Tourette's Syndrome: How It Affects Education
Imagine living in a body, explosive in nature, uncontrolled in behavior, and unpredictable in affect.
Now place that body in setting that requires concentration, interaction, and measured response - a classroom. Use your imagination again and pretend that you are a school district administrator.
You have just learned that three students with Tourette's syndrome are moving into one of your schools this fall. You are already facing budget cuts that threaten the integrity of the educational programming. How will you afford the special training that is required to accommodate your new students?
Alternatively, you are the mother of a child with TS. Your child is segregated from the other students because she spits and hums uncontrollably. Her self-esteem and frustration play out in jerks and tics. How will her future be secure without the present support of professional educators?
There are ramifications beyond the immediately obvious challenges presented by these scenarios. This review addresses aspects of the challenges posed by Tourette's syndrome and how it affects education.

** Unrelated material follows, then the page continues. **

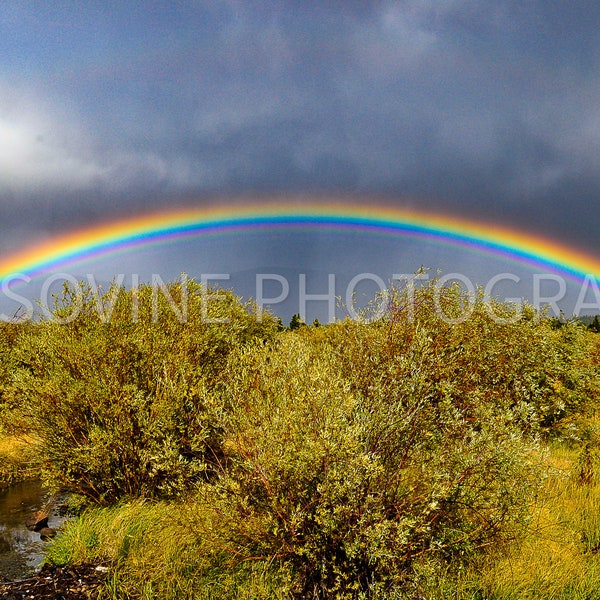 Rainbow Over Willows - landscape - digital download - wall art - photography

It elicits opinions from leading authority in the treatments of Tourette's as well as from the parents of children with this condition.

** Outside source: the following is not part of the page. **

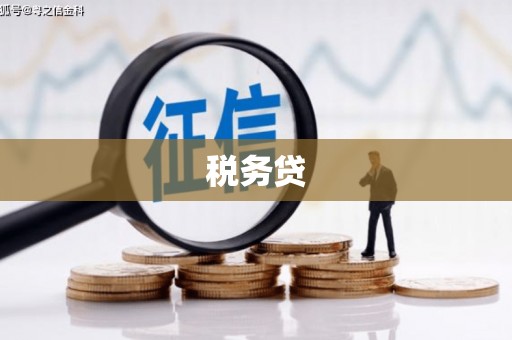 玉田税务贷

The first aspect under review is the condition itself and the questions one may have concerning it. What is Tourette's syndrome? Whom does it affect and how does the individual manifest its symptoms? One must accomplish this familiarity to understand the impact Tourette's syndrome (TS) has on the classroom, both for the educator and the student. Secondly, how does TS specifically affect the classroom? What accommodations can be made to increase the opportunity of TS students and concordantly limit the burden to the current educational system? Finally, a brief explanation of IDEA (Individuals with Disabilities Education Act) will clarify the legal mandate to work with Tourette's within the educational system. This review explores the financial ramifications of IDEA on education through the brief investigation of a recent case study in Iowa and comments made at the Congressional Hearing of March 21, 2002.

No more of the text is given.